September 30, 20187 yr When I was walking past the train tracks the other day, I found this laying on the ground. I thought it was kinda cool, so I picked it up. (This was ~20 feet from the tracks, I don’t think it’s important) I was just wondering why the workers might have taken this sliver of rail off? Whatever the reason, it definitely makes a cool trinket, and it’ll be on my workshop wall quite soon.
September 30, 20187 yr Mr. 511, I am intrigued. Would you please post a picture of the artifact that you found? Thanks, SLAG.
September 30, 20187 yr Author A bit of a fumble on my part, SLAG . I tried editing the post, but my upload speed is quite slow. It'll be fixed soon.
September 30, 20187 yr Mr. 511, Copy that. Glad you're on it. Looking forward to seeing it. The SLAG.
September 30, 20187 yr It looks like it has been lying on the ground for some time. Nice patina. It would have been a big job to cut off that piece of rail.
September 30, 20187 yr More than likely it was cut off to trim or square up the end of the rail if they were going to weld the rails together, it appears that it had a big flaw on the bottom flange.
September 30, 20187 yr Looks like an oxy-acet cut bobble to me rather than a pre-existing flaw. Steven, can you look at it and tell us?
October 1, 20187 yr I would call that an oxy-fuel cut rough cut, that was then squared up with an abrasive chop saw.
October 1, 20187 yr That's what I meant by a flaw in the flange - they had to cut it off clean to square it up.
October 1, 20187 yr ok I have seen some rail that was misrolled with cold shuts. When I visited the town museum in Manassas VA way back, '90's?, they had examples of the different shapes ril had back before they standardized it. Some a bit odd...
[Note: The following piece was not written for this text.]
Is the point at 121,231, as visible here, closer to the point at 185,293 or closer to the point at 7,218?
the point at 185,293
October 1, 20187 yr Some of the earliest rail - from Trevithicks Pennydaren Locomotive hauling slate in Wales in 1803 was like angle iron - the wheels were smooth and the rail had the flange! There is a model of the locomotive in the Science Museum in London, and they have a full scale replica in Cardiff at the National Museum of Wales. Really neat looking locomotive.
October 1, 20187 yr Did you visit Watt's workshop at the Science Museum in London? Greatly depressed me as he revolutionized the world in a workshop less well equipped than the one I mess around in. I Like it there is still several hundred items in it that the Museum says they don't know what are...
October 1, 20187 yr Yes, sir. Love that workshop. Also the National Rail Museum in York. Oh, and I love the beam engines at the Water and Steam Museum at Kew Bridge.
October 1, 20187 yr Quote I was just wondering why the workers might have taken this sliver of rail off? It was most likely trimmed off a new section of rail being inserted into the existing track, ... or off an existing section, that needed to be "shortened" in order to "set the gauge" of a curve in the track. .
October 1, 20187 yr Nobody else mentioned this, and it may be a moot point, but it's my understanding that the RR owns everything within a certain distance around the tracks. I'd be surprised if anyone hassled you about that though, and if they did, I bet you could hand it back with a sneer and say something like, "Fine, you can have this piece of junk back" then and they'd let you go. as always peace and love billyO
February 3, 20215 yr I have seen an old picture of 2 Guys cutting a rail with a hacksaw, blade looked about 24 inches long and the saw had about a 12" throat.
February 4, 20215 yr We went to a hammer-in up in Missouri a couple of years ago and one of the members had thin slivers of RR track just like that one that he had used a power hack saw to cut off the main rail. They were sold out in several minutes. One came home with us and resides out in the shop.